El mayor mérito de Federico fue intentar atrapar, de palabra y por escrito, un duende que solía escapársele incluso a los mejores artistas de la más profunda Andalucía, incluso a aquellos que Sánchez Mejías y La Argentinita fueron recopilando con el asesoramiento de Rafael Alberti y María Teresa León para configurar un espectáculo como el de Las calles de Cádiz, con el que se devolvía a los escenarios a la viuda de Joselito El Gallo, ya amante del también torero Sánchez Mejías. En aquel espectáculo –que años después retomaría Concha Piquer- no pudo participar Torre, porque aunque empezó a montarse en 1930, no se estrenó hasta el 10 de junio de 1933 en Teatro Falla de Cádiz, precisamente en un gran homenaje al compositor, con participación de la recién creada Orquesta Bética de Cámara y la dirección de Ernesto Halffer, y luego giró por Madrid y por casi toda España. El número mayor del espectáculo era la escenificación de Nochebuena en Jerez, en el que volvían a lucirse, además de La Argentinita, bailaoras viejas jerezanas como La Macarrona y La Malena y un cantaor jondo como Rafael Ramos Antúnez, que pasaría la historia como el Niño Gloria, que habría de pasar de jornalero del campo a artista inspirador de los más grandes cantaores...
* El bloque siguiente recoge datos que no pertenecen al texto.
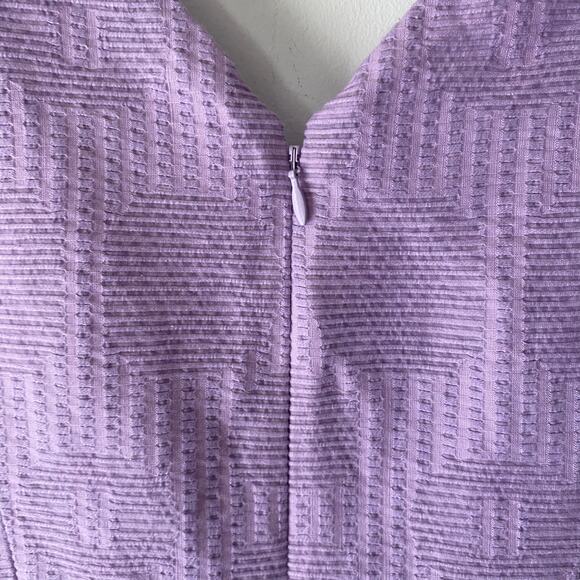 J Crew Purple Lined Mini Dress SZ 4 Career Workwear Occasion Cotton Blend Pocket - Picture 6 of 7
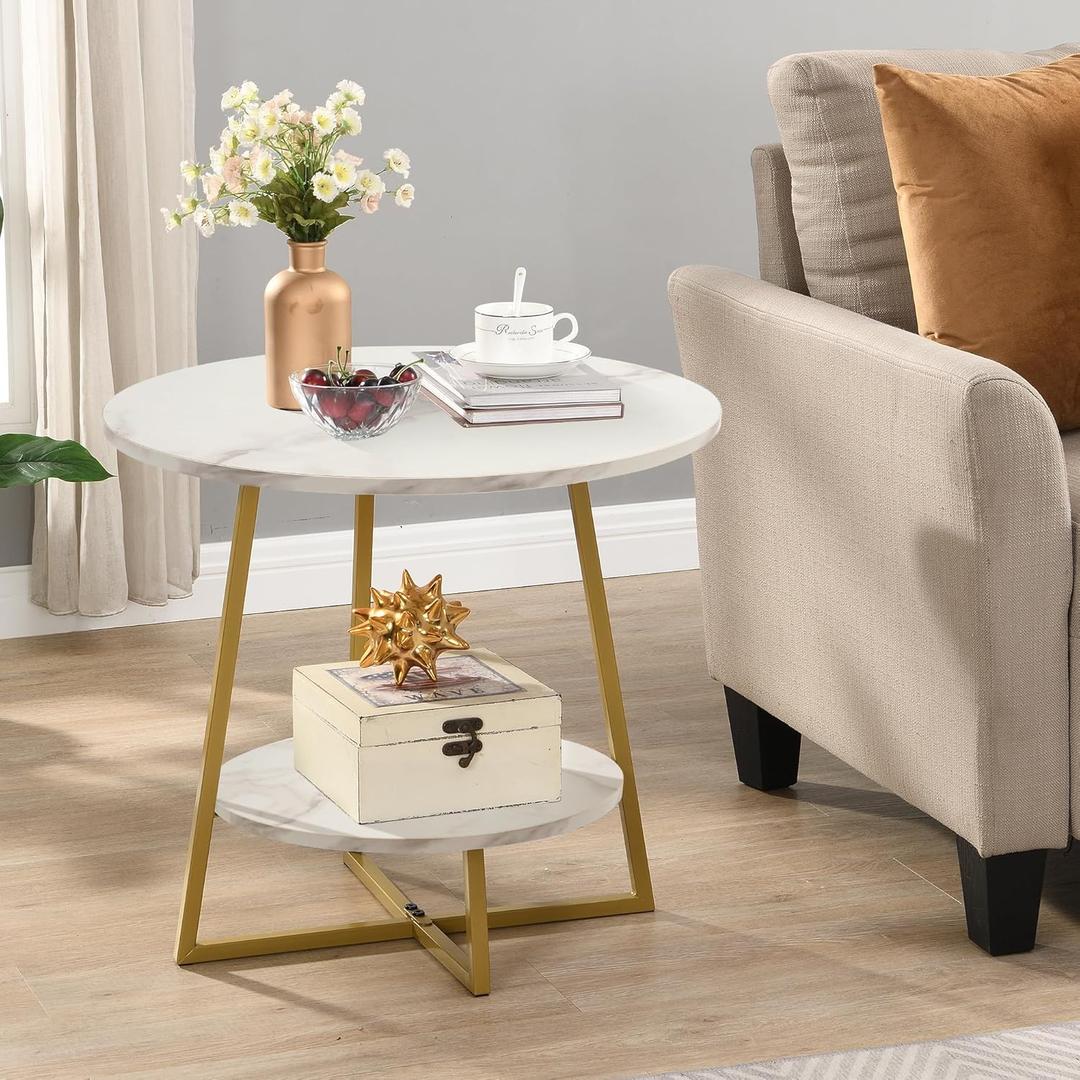D&H FURNIMMT 20" Living Room Side Table for Small Spaces, 2 Tier Wood Top Round End Tables with Storage Shelf, Accent Sofa Table for Bedroom, Office, Sunroom, Balcony, White Faux Marble/Gold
De aquel mismo sabor jerezano y navideño, de los textos de Guillermo Núñez del Prado titulados Cantaores Andaluces. Historias y Tragedias, publicados en 1904 en Barcelona, e incluso de la novela La bodega (1905) de Vicente Blasco Ibáñez habría de sacar Federico incluso el más misterioso de sus romances, el titulado “de la Guardia Civil española”, incardinado justamente en Jerez, “la ciudad de los gitanos”, que no eran –o no habían sido en la historia real- solamente gitanos, sino campesinos hambrientos que habían decidido movilizarse en luchas que terminaron encontrándose frontalmente con la Guardia Civil. En aquellos actos represivos de noviembre y diciembre de 1882, 3.000 jornaleros fueron detenidos y los líderes de la revuelta ejecutados públicamente a garrote vil en la jerezana plaza del Mercado... Más de medio siglo después, Lorca haría como con la noticia de los amantes huidos en Níjar (Almería) con que configuró sus Bodas de Sangre: convertir la realidad en mito: “La ciudad libre de miedo, / multiplicaba sus puertas. / Cuarenta guardias civiles / entraron a saco por ellas. / Los relojes se pararon, / y el coñac de las botellas / se disfrazó de noviembre / para no infundir sospechas. / Un vuelo de gritos largos / se levantó en las veletas. / Los sables cortan las brisas / que los cascos atropellan. / Por las calles de penumbra / huyen las gitanas viejas / con los caballos dormidos / y las orzas de monedas”. Para entonces, ni la poesía ni el flamenco iban a volver a ser los mismos, y todo había cambiado, como tantas otras cosas, en aquella primavera tardía de 1922, va a hacer ahora justamente un siglo.